I appreciate your decision and the sense of guilt. I have spent all of 1.5 years in public school. That's it. The rest I have spent in private institutions. My teachers have almost always been amazing, my resources unmatched. I was a youth worker for the City of Boston for 2 years. My experiences were equally heartbreaking, and, at times, my heart was pricked knowing how much I had taken for granted. But enough about me...I'm really excited to hear more about your curriculum, your schedule, and how your children have become social creatures, hehehe, I think we know the answer to that, more or less - they have each other! :)
Leneita, Thanks for sharing your perspective. It is heartbreaking. Before I had children, and got married, my goal was to work in the inner city. I wanted to minister in Chicago. I guess God had other plans for me! :)
Rachel, it is nice to meet you. Jenn is great and I miss her greatly! Yes, I think that there are probably other places where the educational situation is better. Detroit is really one of the most drastic examples, isn't it?
Kendra, Can you really tell I am a social worker? I guess I am probably one of the most conservative social workers out there. U of M was really liberal--I didn't exactly fit the typical social work mold. When they send me things to find out what I am up to now, I am sure they are shocked to hear that I am not using my degree out in the workforce, but staying home with 7 little ones! LOL
In Christ, Laura
This is fascinating. My husband is reading *there are no children here* for one of his classes right now. I can't wait to get my hands on it!
Looking forward to more...
Praise the Lord for what He has shown you and brother Cameron. Please continue to pray for Matt as we strive to minister to the urban community around the church. It's our desire to see God raise up a group of inner city kids and change their lives. I'm a product of what He can do.

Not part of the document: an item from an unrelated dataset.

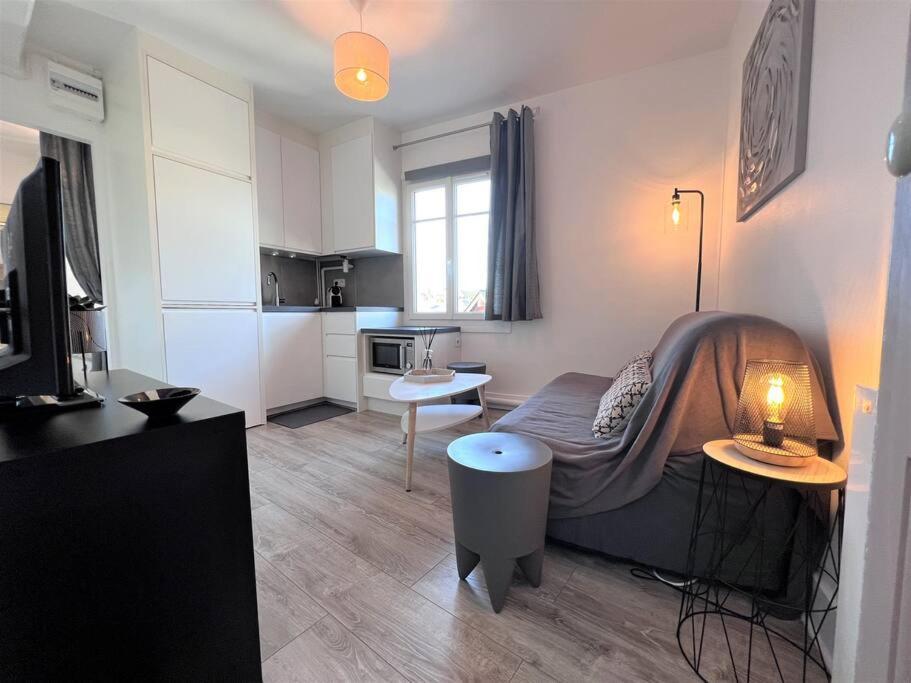 Le Cyrano, Deauville - App. T2 Proche De La Mer Εξωτερικό φωτογραφία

My school system was horrible and I too have a story to share about that life. LOL
Which is why we too have decided to homeshool our children. (smile)
Zinnada<><
great post!
Since I've been out of touch with you for so long, it's great to hear how you came to your homeschooling decision. Like Rachel, I also wanted to comment on the situation of public schools in other places. While I totally agree about segregation, especially in regards to standardized tests, I must say I had a very positive experience with diversity when I taught in Houston. In fact, the last class I had was exactly 1/4 black, 1/4 white, 1/4 Hispanic, and 1/4 Asian. And I saw that my students who succeeded were the ones whose parents spent time with them at home, even just having daily conversations with them.

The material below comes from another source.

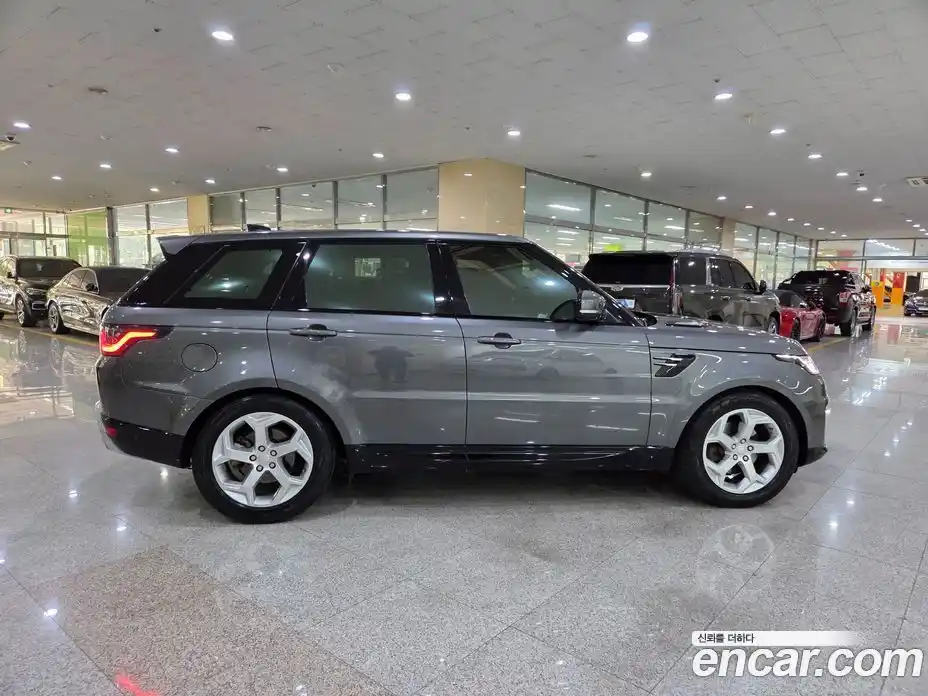 Land Rover Range-Rover Sport 2019 3.0 Автомат в Москве № 166892, фото 5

We also had tons more resources at the first school I taught at, which was predominantly black, because it was poorer. In that district, extra resources were given based on how many students qualified for free and reduced lunches. The second school I taught at had less children on free and reduced lunches, so we didn't get the extra resources for things like remedial math and reading help.
Schooling systems around the world are obviously very interesting to me. And it's such a blessing for so many people in America to have different options. I look forward to hearing more about how you homeschool.